It’s time again to swat away the cobwebs from my brain and look back at a career that has been a blessing. Doing this Wednesday blog is enjoyable for me and I hope you get at least a little something out of it. Admittedly, it’s pretty self-absorbed, but I like thinking about the opportunities I have had in the newspaper business through the years.
I am frequently asked about the coaches I have dealt with. Who do I like? Who don’t I like? Who is the most difficult to deal with? Who is easiest?
Coaches are interesting. My first real introduction to a high-level coach was in high school, where Jim Davie was the football coach. I didn’t play football in high school because, well, I’m a wuss. But for some reason Davie took me under his wing and really was the guy most responsible for getting me involved in journalism. He was able to hook up a job for me at the Derby Daily Reporter, for which I am forever grateful.
Davie, now, was a load. He was loud and mean – or so it seemed – and he intimidated everyone in that high school. Nobody wanted to cross the man.
He and I left Derby at the same time, in 1973. I went to Wichita State to study journalism and he went to Southeast as football coach. Our paths would cross again in 1975, when I started covering high school sports for The Eagle. And Davie was as irascible as ever, but he always had something to say. To this day, my dealings with Davie are among the most enjoyable I’ve had.
He was the kind of guy who would call me on a Sunday morning to complain about something I had written. Because he had gotten me that job in high school, I think he felt like he held something over on me. And as a young reporter, I’m sure he did. I probably gave in to Davie’s whims and desires more than I should have. But at some point, I started talking back. And what had been a one-sided discussion turned into a debate. Davie was finding out that as I gained more confidence in what I was doing, he wasn’t able to push me around as much.
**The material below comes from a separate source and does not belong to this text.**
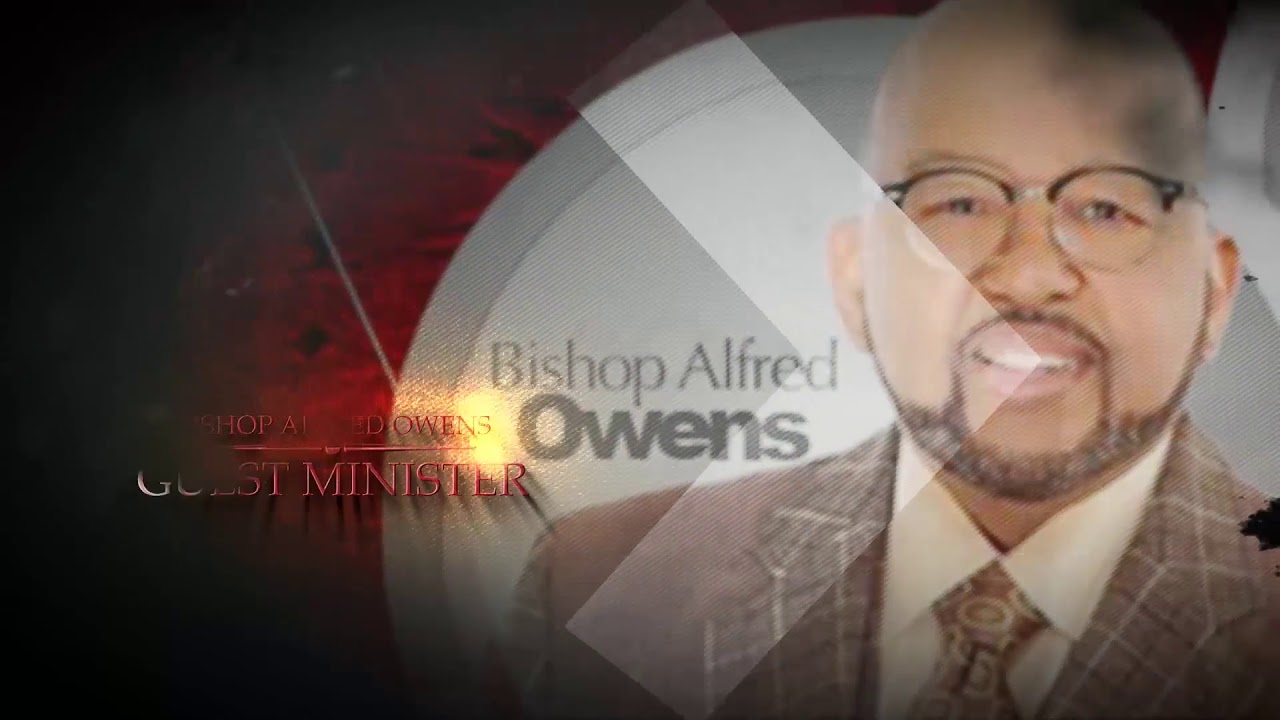 jsdc taiwan BIAZO 2018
I think his respect for me increased. We developed a relationship. That was an important training ground for me as I continued to learn how to deal with those I was writing about.
Coaches are, by nature, aggressive. They like to gain the upper hand, especially in their relationships with reporters. And it’s not easy for a green kid just out of school – or still in school, in my case – to find that balance. It’s not a reporter’s job to be antagonistic with a coach or anybody else. But it’s also not our job to just take whatever someone in power is giving.
Anyway, Davie was an instrumental figure in my career – both in helping me get into the newspaper business and then for learning the fine art of dealing with a strong-minded coach who was used to getting his way.
I’ll provide you with some quick thoughts on some other coaches I’ve covered in my career, too.
Bill Snyder – Obviously, not an easy guy to get to know. One-on-one interview opportunities with Snyder are few and far between. But those that I have had have been enjoyable. I don’t think there’s a phony bone in Snyder’s body. I think he’s genuinely the guy he appears to be, quirks and all. He’s a football geek, through and through. And he doesn’t get caught up in moments. The only time I’ve seen Snyder show raw emotion was after Kansas State lost to Texas A&M in the Big 12 championship game in St. Louis in 1998. That loss, of course, probably kept K-State out of the national championship game. And it took a good long while for Snyder to compose himself enough to be able to talk to the media after it was over.
Bill Self – Good, good guy. And a quote machine. For years, Self has made covering Kansas basketball easy because of his ability to communicate. Ask Self a question – even a bad question – and you get a great, thoughtful answer. He’s a “quote machine,” as we in the media say about a guy who can fill up a notebook. Self has never had a Barack Obama First Debate moment. He’s A-game every time.
Gregg Marshall – Marshall is sensitive. But he’s also really smart and another guy who can be among the best quotes out there, when he’s feeling it. There are a few times each season when Marshall just isn’t in the mood. It’s easy to determine when those times come about and I just refrain from asking too many questions. We’ve had our moments, which isn’t surprising given what the two of us do for a living. But Marshall doesn’t dwell on a tiff for long. When it’s over, it’s over. I think he’s a fantastic basketball coach and I think he’s genuine.
That’s enough for now. Thanks, as always, for reading my blog.